Law department management narratives, theories and models (compared to economics)

The earliest economists, such as Adam Smith, David Ricardo and John Stuart Mill, wrote in natural language and used narrative to describe what they understood. Most of what we now understand about how law departments operate comes in narrative discourse. We read someone’s armchair ideas about good management and wade through anecdotes and descriptive articles and small aspects of the topic.

Later, more formal economists developed theories such as that of Keynes on government intervention in the economy. A theory specifies how the major elements of a situation fit together. For example, no careful theory explains how large a law department should be. Law department managers, academics and consultants have yet to articulate anything close to comprehensive, explanatory theories.

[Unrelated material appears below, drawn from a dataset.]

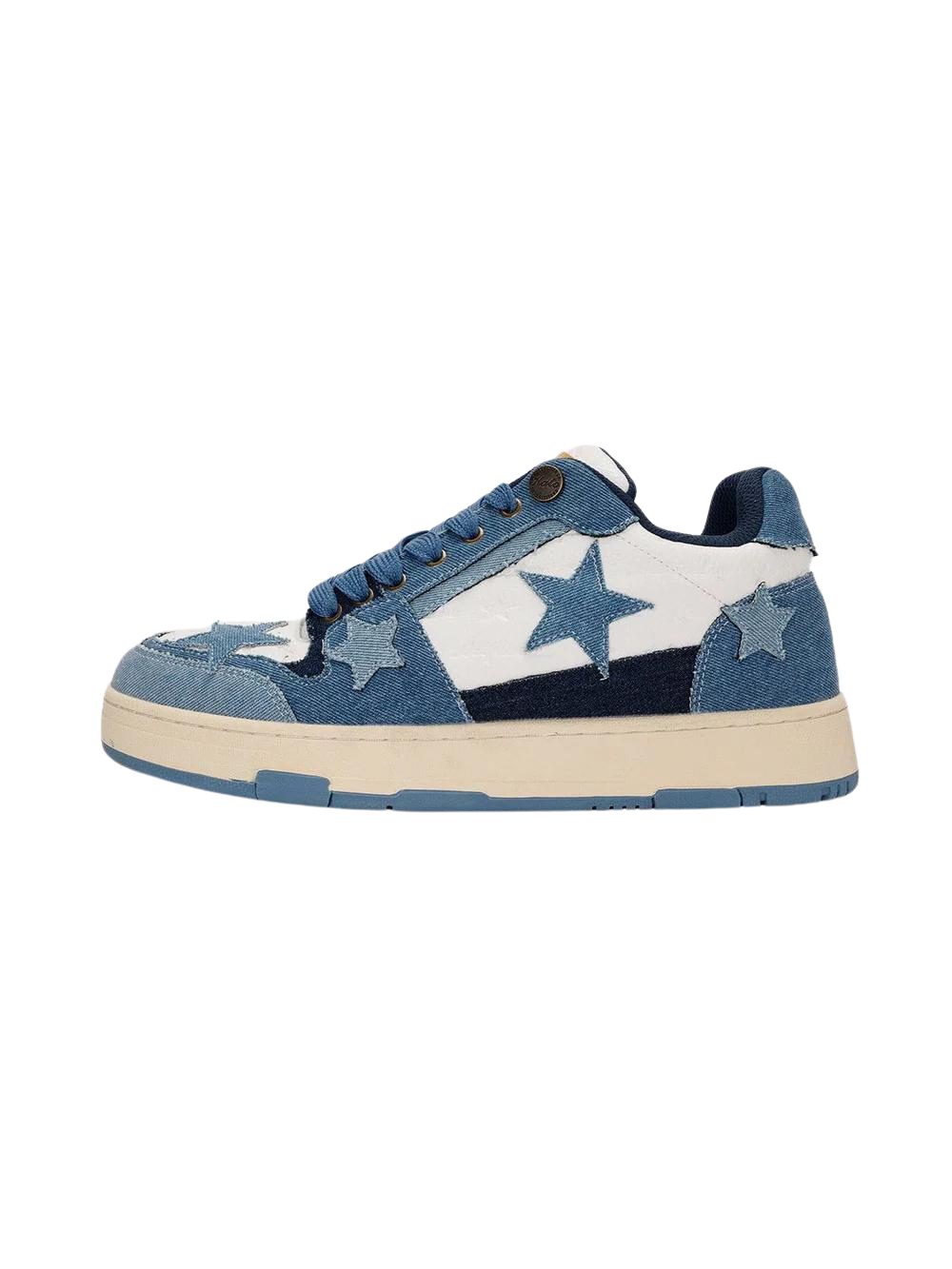 Blue Star Chunky Sneakers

Most recently, mathematical models allow economists to specify the inter-workings of a system and quantify their roles. A model “must be stringent if it is to be of any use. Assumptions must be sufficiently simple and precise to allow the play of logic and mathematics, yet not so restricted as to eliminate the mechanism itself,” David Warsh, Knowledge and the Wealth of Nations: A Story of Economic Discovery (Norton 2006 at 143).

Drivers of litigation costs may someday be modeled. Process maps might now be considered a meld of theory and model (See my post of Aug. 28, 2005 with some criticisms.), but we are years away from mathematical models of law department management.